The New Zealand dollar after the Bank of Japan's moves to fuel credit growth and as weak US data and the threat of emerging markets keep traders nervous about risk-sensitive assets.
The kiwi traded at 82.98 US cents at 5pm in Wellington from 83.02 cents at 8am, down from 83.46 cents yesterday. The trade-weighted index declined to 77.83 from 78.26 yesterday.
The trans-Tasman currencies weakened against the yen after the Bank of Japan yesterday boosted its lending programmes to stoke credit growth, prompting Japanese investors to take profits in the two risk-sensitive currencies. The kiwi fell to 84.80 yen at 5pm in Wellington from 85.45 yen yesterday.
At the same time, unrest in Ukraine, Venezuela and Egypt has some traders mulling another downturn in emerging markets and stocks on Wall Street look close to ending its recent rally, which would see investors return to backing safe haven assets.
"In the next couple of days there could be a bit more uncertainty," said Tim Kelleher, head of institutional FX sales NZ at ASB Institutional in Auckland. "It all points to things being a little tentative, and there's a bit of profit taking going on" which has put pressure on the trans-Tasman currencies, he said.

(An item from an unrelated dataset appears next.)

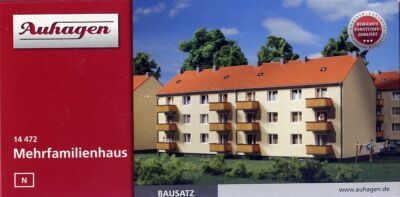 Bausatz Mehrfamilienhaus (AWG-Wohnblock) für Spur N (N-5003)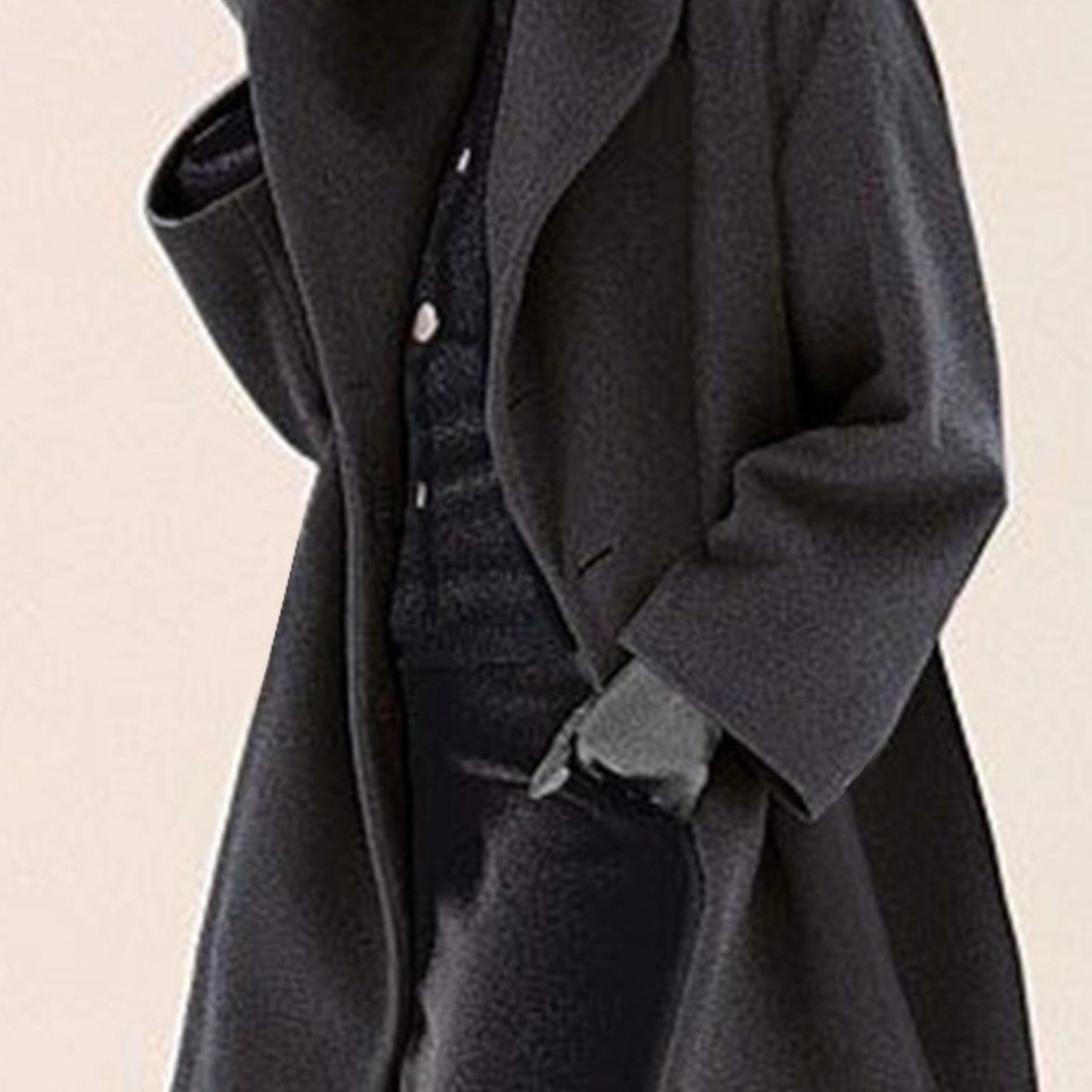 SCACTO Women's Winter Coat Formal Outerwear Button Front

Traders are awaiting tomorrow morning's release of the Federal Reserve's minutes from its last meeting and the latest HSBC China preliminary manufacturing PMI for February later that day.
Dairy prices at Fonterra Cooperative Group's online auction fell 1.2 percent to a trade-weighted US$5,016 per tonne, on the smallest volume sold since June last year.
New Zealand's fourth-quarter producers price index tomorrow is unlikely to attract much market attention.
The local currency traded at 92.1 Australian cents at 5pm in Wellington from 92.08 cents yesterday and slipped to 60.29 euro cents from 60.86 cents. It fell to 49.75 British pence from 49.88 pence yesterday.